(Short descriptive text snippets)

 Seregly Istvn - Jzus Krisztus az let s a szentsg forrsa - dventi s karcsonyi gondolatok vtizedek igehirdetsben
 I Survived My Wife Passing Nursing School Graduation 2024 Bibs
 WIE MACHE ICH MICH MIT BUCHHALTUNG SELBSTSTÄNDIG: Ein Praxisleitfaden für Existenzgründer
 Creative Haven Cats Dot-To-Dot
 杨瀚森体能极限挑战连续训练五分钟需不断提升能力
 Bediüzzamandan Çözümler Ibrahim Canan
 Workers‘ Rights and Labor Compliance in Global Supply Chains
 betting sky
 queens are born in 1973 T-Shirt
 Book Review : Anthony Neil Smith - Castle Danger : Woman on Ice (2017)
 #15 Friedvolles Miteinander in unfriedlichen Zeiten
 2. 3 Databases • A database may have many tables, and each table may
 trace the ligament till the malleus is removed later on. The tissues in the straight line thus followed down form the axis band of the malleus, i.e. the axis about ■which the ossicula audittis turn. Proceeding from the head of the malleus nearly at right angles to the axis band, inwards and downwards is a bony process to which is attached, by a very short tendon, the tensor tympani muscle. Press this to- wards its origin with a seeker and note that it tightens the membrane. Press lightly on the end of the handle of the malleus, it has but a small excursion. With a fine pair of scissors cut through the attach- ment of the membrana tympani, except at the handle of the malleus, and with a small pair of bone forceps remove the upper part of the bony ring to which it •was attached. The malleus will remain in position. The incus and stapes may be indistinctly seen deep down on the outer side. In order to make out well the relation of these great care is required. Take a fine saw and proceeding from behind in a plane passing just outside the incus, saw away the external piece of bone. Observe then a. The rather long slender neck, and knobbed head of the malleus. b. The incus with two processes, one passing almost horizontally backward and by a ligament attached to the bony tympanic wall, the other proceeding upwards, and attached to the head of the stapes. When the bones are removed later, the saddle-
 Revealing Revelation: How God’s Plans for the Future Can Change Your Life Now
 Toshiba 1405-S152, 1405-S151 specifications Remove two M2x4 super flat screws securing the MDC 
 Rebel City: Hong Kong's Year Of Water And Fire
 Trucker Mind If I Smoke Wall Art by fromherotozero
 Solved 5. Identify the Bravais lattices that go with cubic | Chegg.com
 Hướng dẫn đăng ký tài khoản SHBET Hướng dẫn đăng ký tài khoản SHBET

= DESCRIPTION OF THE TASK =
Of the lines above, extract only those from the line with "I Survived My" to the line with "2. 3 Databases", both included, exactly as written.

= SOLUTION TO THE EXERCISE =
 I Survived My Wife Passing Nursing School Graduation 2024 Bibs
 WIE MACHE ICH MICH MIT BUCHHALTUNG SELBSTSTÄNDIG: Ein Praxisleitfaden für Existenzgründer
 Creative Haven Cats Dot-To-Dot
 杨瀚森体能极限挑战连续训练五分钟需不断提升能力
 Bediüzzamandan Çözümler Ibrahim Canan
 Workers‘ Rights and Labor Compliance in Global Supply Chains
 betting sky
 queens are born in 1973 T-Shirt
 Book Review : Anthony Neil Smith - Castle Danger : Woman on Ice (2017)
 #15 Friedvolles Miteinander in unfriedlichen Zeiten
 2. 3 Databases • A database may have many tables, and each table may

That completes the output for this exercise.